Assignment
Below are entries. Pull out all lines containing "dress".

Source records
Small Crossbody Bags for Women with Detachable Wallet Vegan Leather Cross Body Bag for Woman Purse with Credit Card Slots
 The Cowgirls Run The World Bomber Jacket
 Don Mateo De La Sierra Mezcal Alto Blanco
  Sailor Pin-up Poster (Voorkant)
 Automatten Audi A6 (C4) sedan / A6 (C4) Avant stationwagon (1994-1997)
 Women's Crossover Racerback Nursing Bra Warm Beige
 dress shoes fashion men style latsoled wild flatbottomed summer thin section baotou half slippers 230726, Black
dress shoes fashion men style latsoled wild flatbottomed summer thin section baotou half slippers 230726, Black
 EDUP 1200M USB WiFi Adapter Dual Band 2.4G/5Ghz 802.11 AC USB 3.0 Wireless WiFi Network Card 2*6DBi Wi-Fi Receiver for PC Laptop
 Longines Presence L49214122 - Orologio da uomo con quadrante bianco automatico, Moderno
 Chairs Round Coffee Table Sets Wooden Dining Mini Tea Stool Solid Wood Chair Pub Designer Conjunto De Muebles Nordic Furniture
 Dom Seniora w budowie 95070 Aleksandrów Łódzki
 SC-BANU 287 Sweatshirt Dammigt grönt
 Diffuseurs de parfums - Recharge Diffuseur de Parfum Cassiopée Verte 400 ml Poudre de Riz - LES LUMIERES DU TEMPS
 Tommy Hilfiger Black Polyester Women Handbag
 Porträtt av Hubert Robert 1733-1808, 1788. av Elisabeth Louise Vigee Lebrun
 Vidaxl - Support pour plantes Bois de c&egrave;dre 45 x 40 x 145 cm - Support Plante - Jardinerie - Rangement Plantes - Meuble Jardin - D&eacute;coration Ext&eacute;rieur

Written solution
 dress shoes fashion men style latsoled wild flatbottomed summer thin section baotou half slippers 230726, Black
dress shoes fashion men style latsoled wild flatbottomed summer thin section baotou half slippers 230726, Black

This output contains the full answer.